Le pari risqué de Poutine sur les céréales : Une réponse européenne au dernier stratagème de la Russie
Quelques jours avant le deuxième sommet Russie-Afrique de Saint-Pétersbourg, le président russe Vladimir Poutine s´est retiré de l’accord sur les céréales ukrainiennes qui, depuis juillet 2022, avait permis à près de 33 millions de tonnes de produits agricoles de contourner le blocus russe des ports ukrainiens pour être livrées à des pays à revenu faible ou intermédiaire. L’effondrement de l’accord entraînera des problèmes d’approvisionnement et une hausse des prix des denrées alimentaires, ce qui aura d’énormes conséquences pour de nombreux pays en développement, en particulier en Afrique, où seize pays dépendent de l’Ukraine et de la Russie pour plus de 50 % de leurs approvisionnements en blé. Des millions de personnes risquent désormais de connaître la faim en raison de la rupture de l’accord, a prévenu le Bureau de la coordination des affaires humanitaires des Nations Unies.
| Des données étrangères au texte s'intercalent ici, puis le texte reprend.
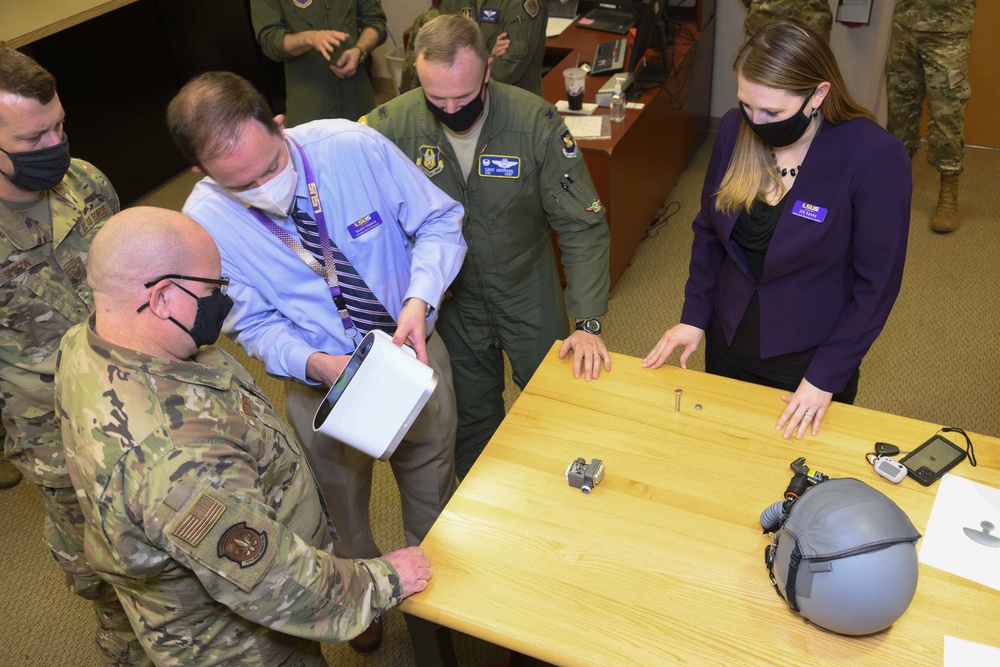 LSUS, 307th Bomb Wing team up to advance mission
Poutine instrumentalise l’insécurité alimentaire à des fins géopolitiques. Certains pays africains seront désormais encore plus dépendents des livraisons de céréales russes. M. Poutine profite également des retombées de l’accord pour tenter de renforcer la réputation de la Russie en Afrique, en annonçant qu’il livrera des céréales gratuitement à certains États du continent. En attendant, il blâme les pays occidentaux pour l’échec de l’accord, les accusant de recevoir la majorité des céréales et de freiner les livraisons de la Russie.
La solidarité européenne
Les acteurs africains ont déjà vivement dénoncé la décision de la Russie de se retirer de l’accord. Les pays européens doivent leur emboiter le pas et poursuivre eurs initiatives de soutien.
- Les décideurs politiques européens doivent faire tout leur possible pour pousser la Russie à rétablir l’accord sur les céréales, en amplifiant les demandes des acteurs africains, tels que l’Union africaine.
- Les Européens doivent continuer à réfuter les fausses informations diffusées par la Russie au sujet de l’accord sur les céréales et des sanctions européennes, notamment en collaborant avec des organisations de fact checking africaines, telles qu’Africa Check ou Fact Space West Africa. Ils doivent également dénoncer l’utilisation de l’arme alimentaire par la Russie comme tactique de guerre, y compris la destruction des installations de stockage ukrainiennes et le vol des céréales ukrainiennes.
- Les pays européens doivent maintenir et renforcer leurs initiatives visant à lutter contre l’insécurité alimentaire et le manque de souveraineté alimentaire en Afrique, notamment par le biais des « couloirs de solidarité » entre l’Union européenne et l’Ukraine, et en soutenant les capacités agricoles des pays africains, par exemple par le biais de l’initiative internationale de la Mission pour la résilience alimentaire et agricole (FARM).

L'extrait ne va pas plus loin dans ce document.